:: INSTRUCTIONS TO FOLLOW ::
Each line of the listing, apart from the pictures, is to be printed exactly.

:: DATASET CONTENT ::

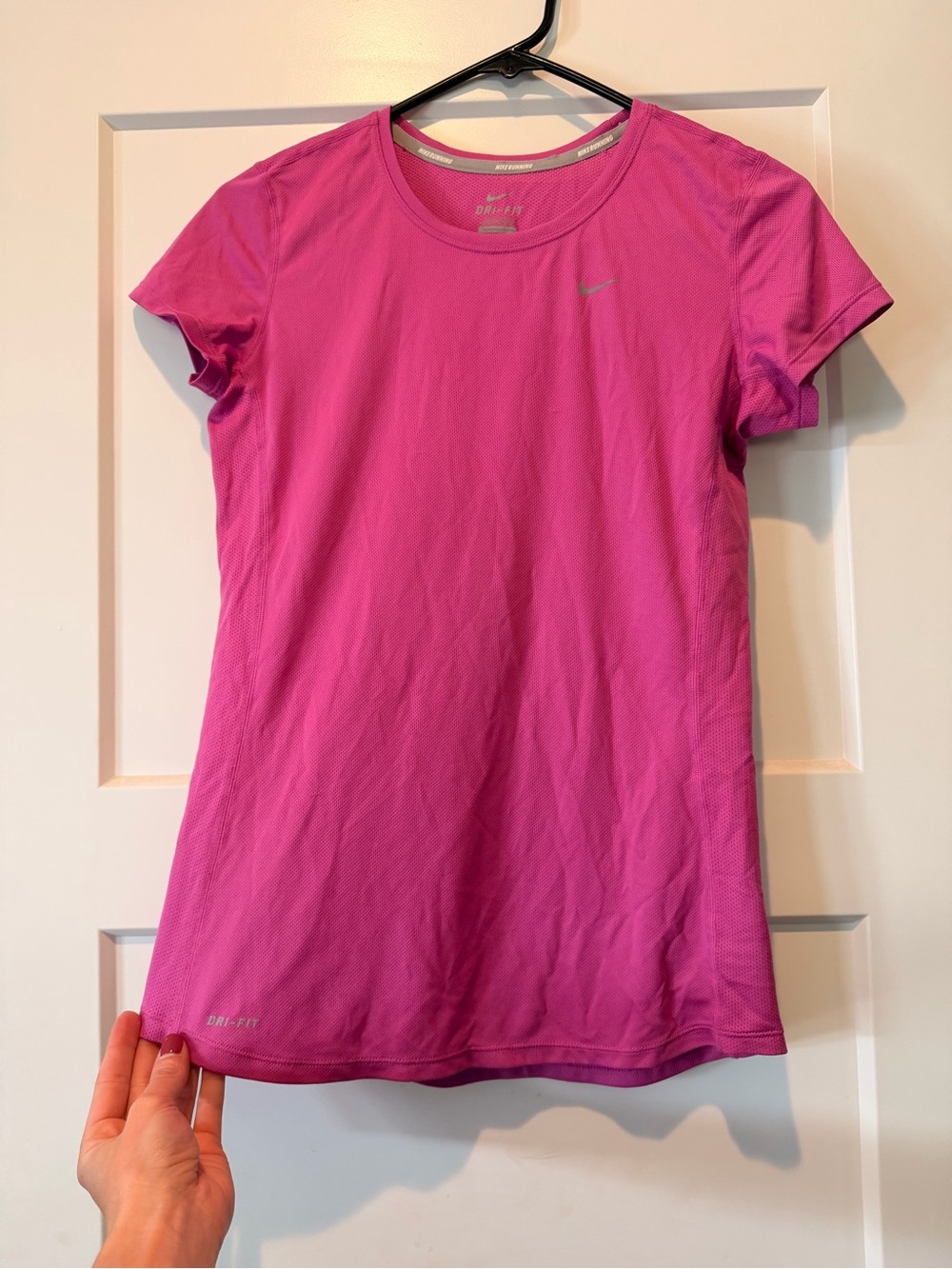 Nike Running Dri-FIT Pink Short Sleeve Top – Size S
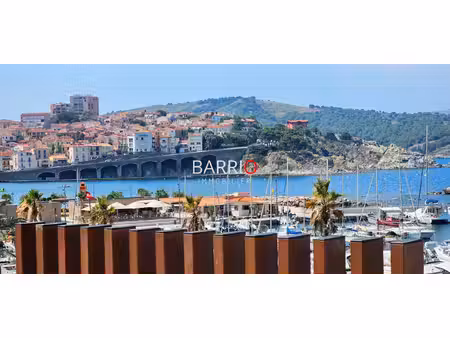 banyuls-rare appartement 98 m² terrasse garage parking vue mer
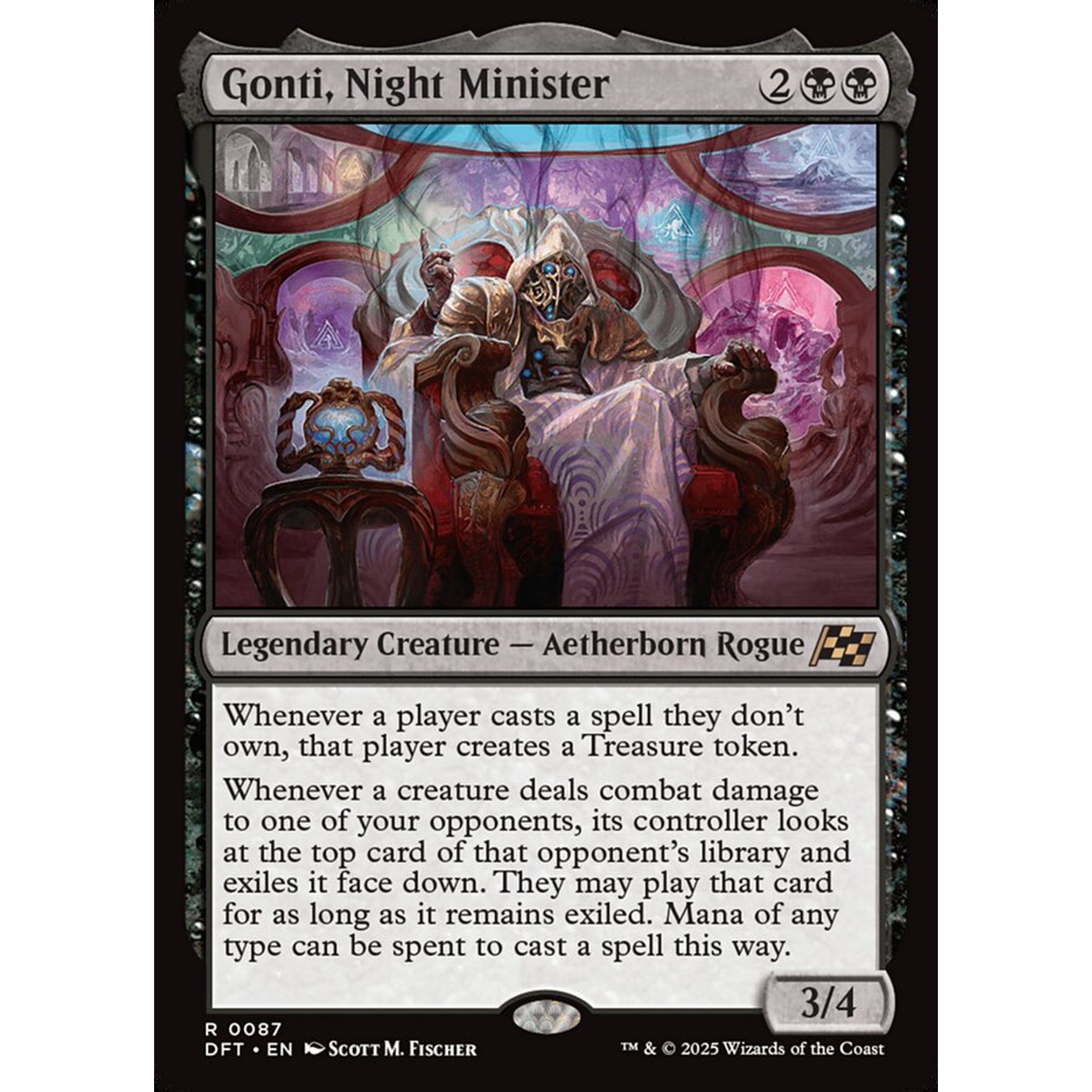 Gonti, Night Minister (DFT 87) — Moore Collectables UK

:: ANSWER SPACE ::
 Nike Running Dri-FIT Pink Short Sleeve Top – Size S
 banyuls-rare appartement 98 m² terrasse garage parking vue mer
 Gonti, Night Minister (DFT 87) — Moore Collectables UK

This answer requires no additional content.